Some of my personal preparations included being the host of many a Hurricane Party where family and friends who lived in evacuation zones brought food and supplies along with their evacuating selves. Hurricane parties are, honestly, not uncommon in South Florida. They serve as a distraction for our children and, truth be told, for the adults too. Hurricanes, and the potential for a direct hit, are frightening. The 24-hour broadcasts do very little to help keep anxiety at bay. After South Florida took significant hits from Hurricane Andrew in 1992 and Hurricane Wilma in 2005, my neighbors and I all became proficient in a whole new language. Steering winds, cone of uncertainty, El Nino, storm surge, wind shear, and wind gusts are just a drop in the new-lingo bucket.
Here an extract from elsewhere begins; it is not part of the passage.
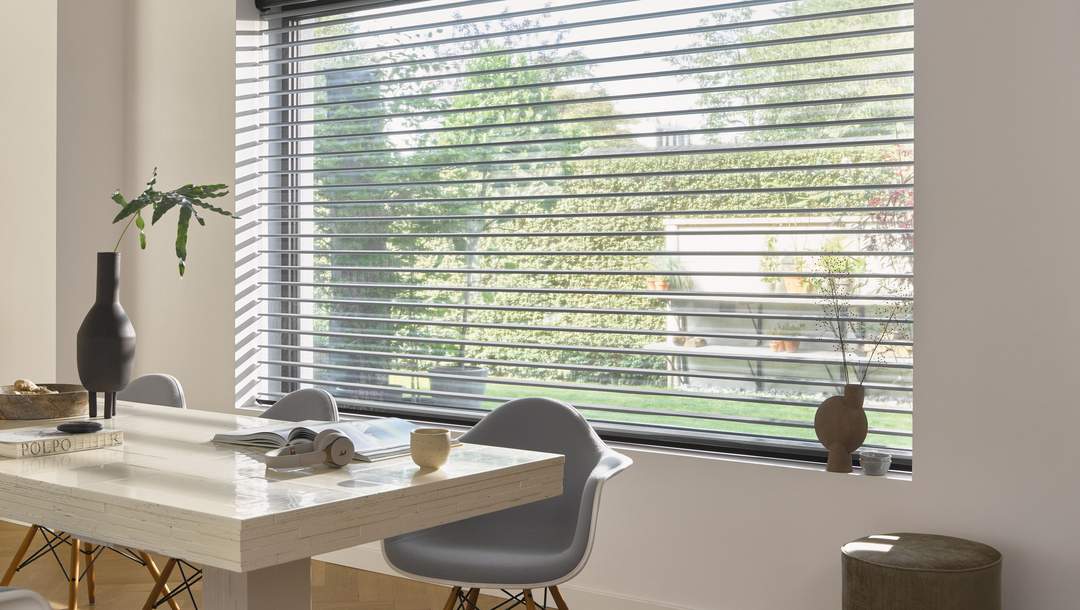 Luxaflex® Silhouette® Shades woonkamer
But, like most Floridians, when enough time passes with more major Hurricane warnings than hits, we become complacent about being prepared. But for those parents who have Gators here from out of state, the first mention of a named storm or hurricane possibly heading our way sends them into the beginnings of justifiable panic at an unfamiliar danger. When the news about a potential storm starts dominating the airwaves while still well in advance of a storm’s arrival (which they assuredly do in Florida, but they also make national news, too), those parents’ concerns go into overdrive. (What they don’t know is that their students are busy distracting themselves with Jim Cantore memes!)
The level of panic for experienced, in-state residents is directly correlated to the category storm being forecast. Floridians seem to look at Cat 1 with almost an indifference…which may or may not be healthy when contemplating top wind speeds of 95 miles per hour, yet, that’s a Floridian for you. Get to the mention of a Cat 3 storm or higher, however, and nerves start frazzling, palms begin sweating, and everyone goes into advanced preparation mode. (This is when shelves at grocery and hardware stores start looking as if Marie Kondo had her decluttering way with them.) Add the fact that we are not with our kids to face this looming threat of a storm together, and an emotional tsunami begins to swell (pun entirely intended).
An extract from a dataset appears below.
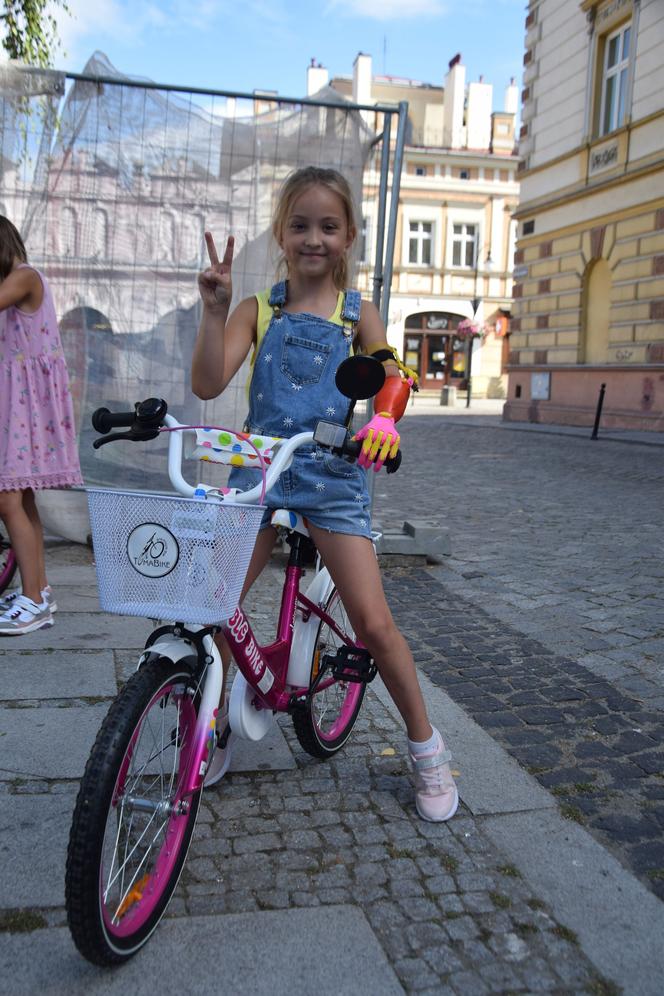 Wydrukowali rękę dla 5-letniej Lilki. Niezwykły wyczyn uczniów z Jarosławia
It was just last year that a Hurricane was threatening much of the state. University officials went into their well-practiced planning mode. After my many years with students on the Gainesville campus, I have no doubt that UF will be there — before, during, and after any storm, or even the threat of one– for all our students.
So here is some important information to remember:
- Hurricane Season officially begins June 1st and ends on December 1st.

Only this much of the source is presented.